A APFN destacou a necessidade de medidas de justiça social, propondo as seguintes prioridades: diminuição do IVA dos bens e serviços essenciais; aumento da dedução por filho no IRS, pelo menos equivalente à inflação; alteração do método de cálculo para uma dedução antes da aplicação da taxa; atribuição a cada dependente de uma dedução equivalente à das despesas gerais e familiares.

A associação criticou o facto de o Orçamento do Estado não incluir medidas universais para famílias com filhos, salientando que as medidas propostas são limitadas ou não levam em consideração a situação específica dessas famílias.

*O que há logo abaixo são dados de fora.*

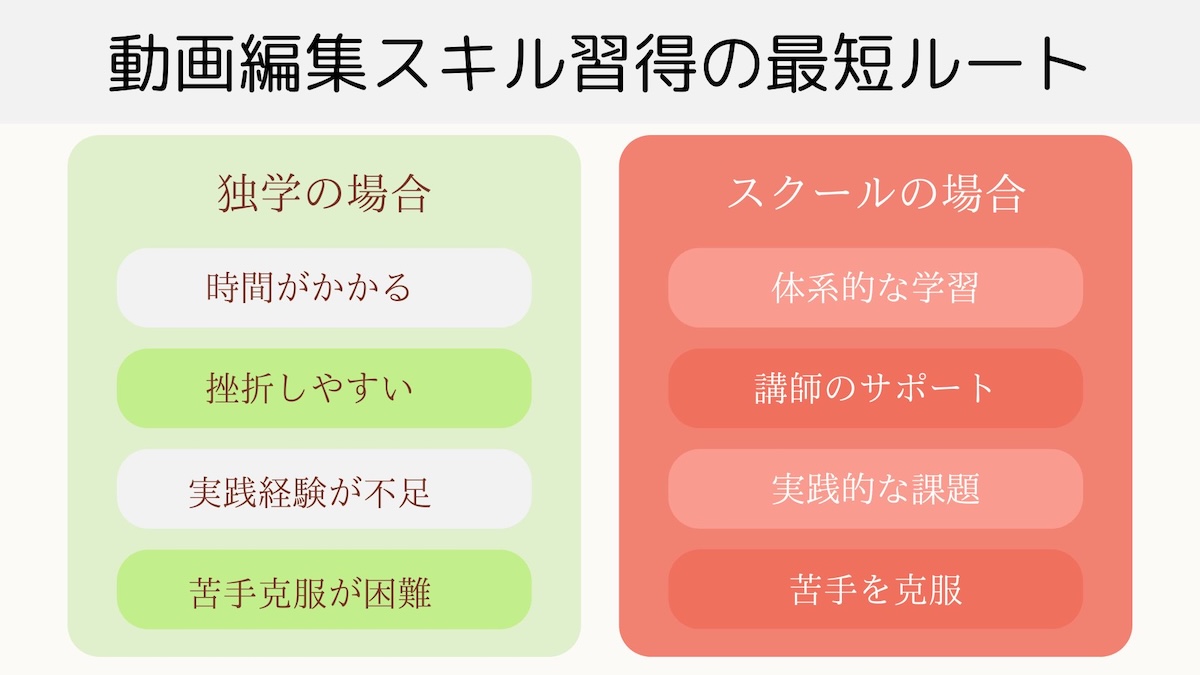 スキル習得の最短ルート 図解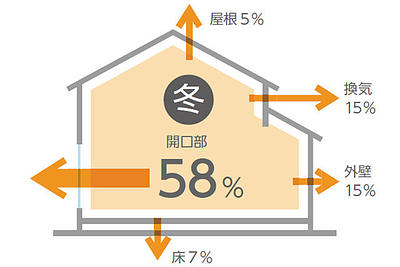 断熱ってなに？──建物を守る「見えないチカラ」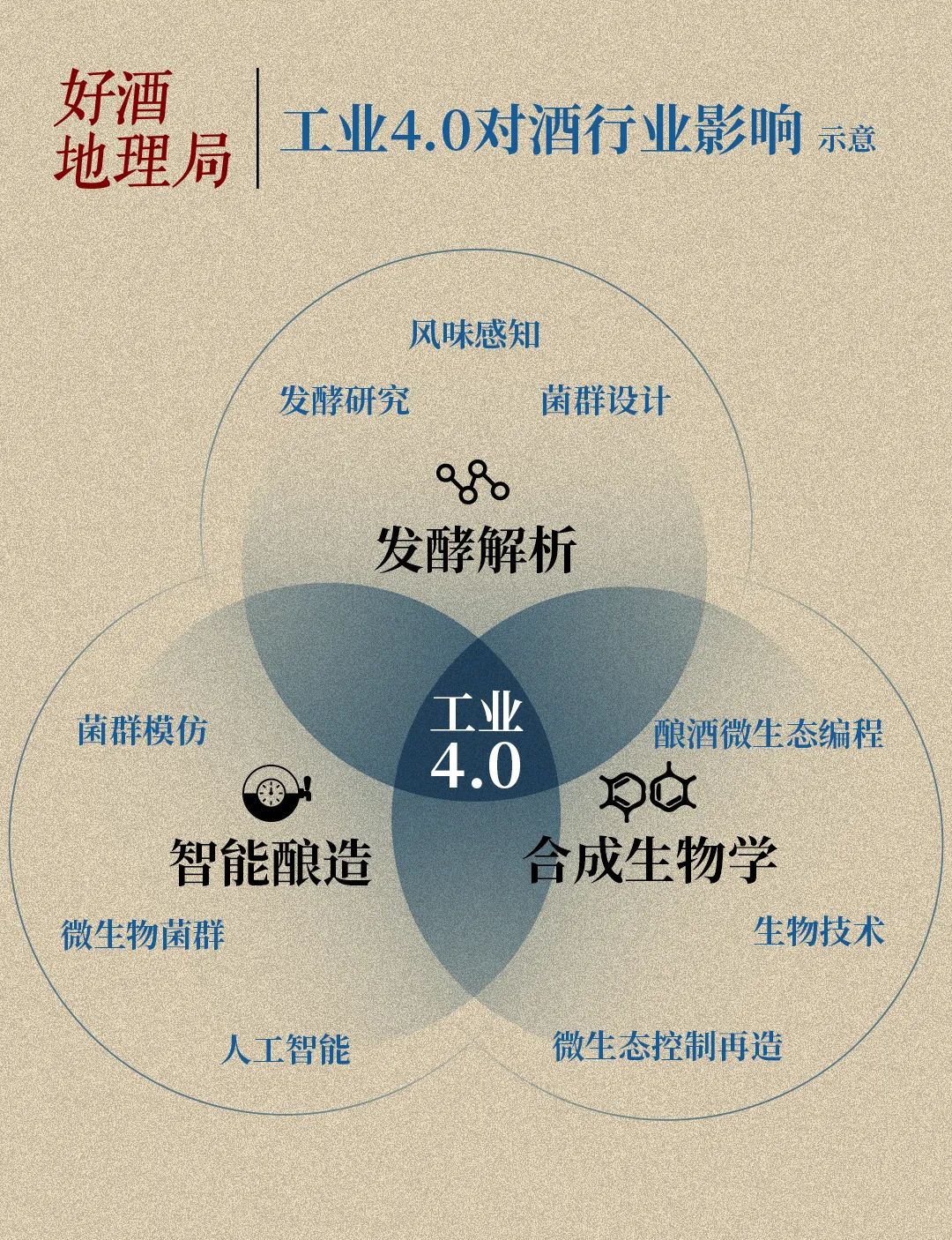 制图/好酒地理局视觉中心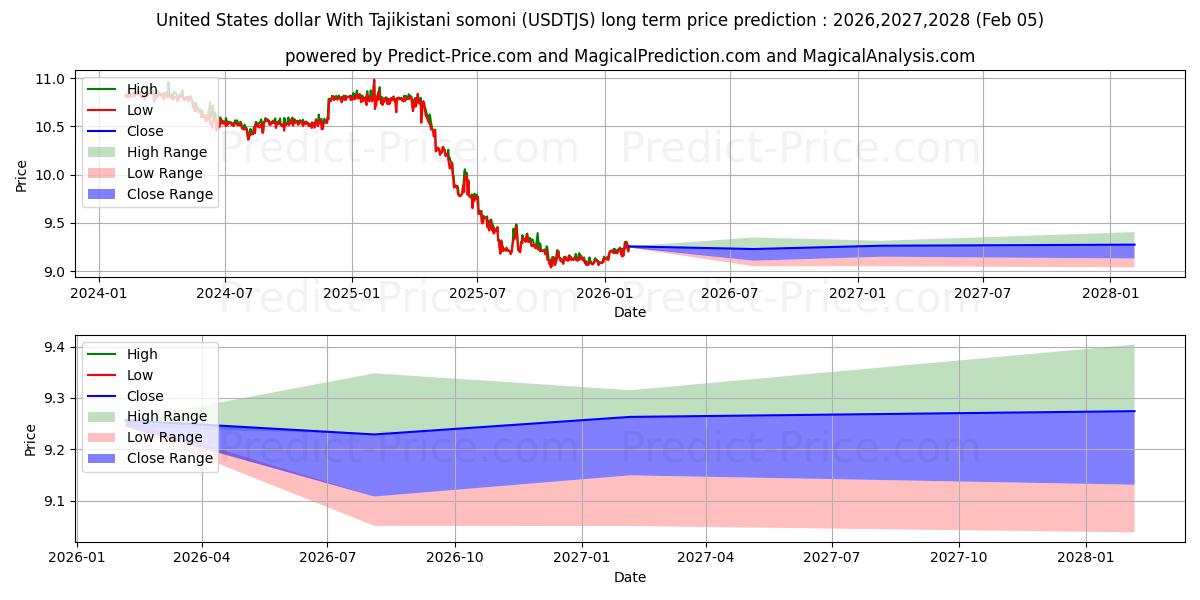 Maximale en minimale US-Dollar mit tadschikistanischen Somoni lange termijn prijsvoorspelling voor 2026,2027,2028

A APFN analisou algumas das medidas previstas no orçamento e destacou preocupações específicas. Por exemplo, o IVA na eletricidade, pois considera-se que a proposta de redução do IVA na eletricidade não aborda adequadamente as necessidades das famílias numerosas; o Mínimo de Existência –a APFN destaca a necessidade de estabelecer o mínimo de existência com um valor per capita e sujeito a atualização automática; a dedução no IRS para segundos filhos ou seguintes – o aumento para 900 euros para filhos até 6 anos é considerado positivo, mas a associação questiona porque é que os valores de dedução variam com a idade; o abono de família – a APFN defende que o abono de família deve ser universal, com um mesmo valor atribuído a cada criança, independentemente da idade; o IMT para casas de primeira habitação – critica a definição cega do valor em relação ao número de pessoas que residirão na habitação; a taxa marginal do segundo escalão – questiona a eficácia real da redução da carga fiscal para as famílias com filhos, considerando a falta de consideração pela progressividade do imposto em relação à presença de filhos.

A APFN destacou a necessidade de reconhecer o valor social de cada filho e sugere que este princípio deve ser refletido nas políticas públicas, daí revelar a sua disponibilidade para colaborar com o Governo e com o Parlamento na procura de soluções que não coloquem as famílias numerosas em maior risco de pobreza.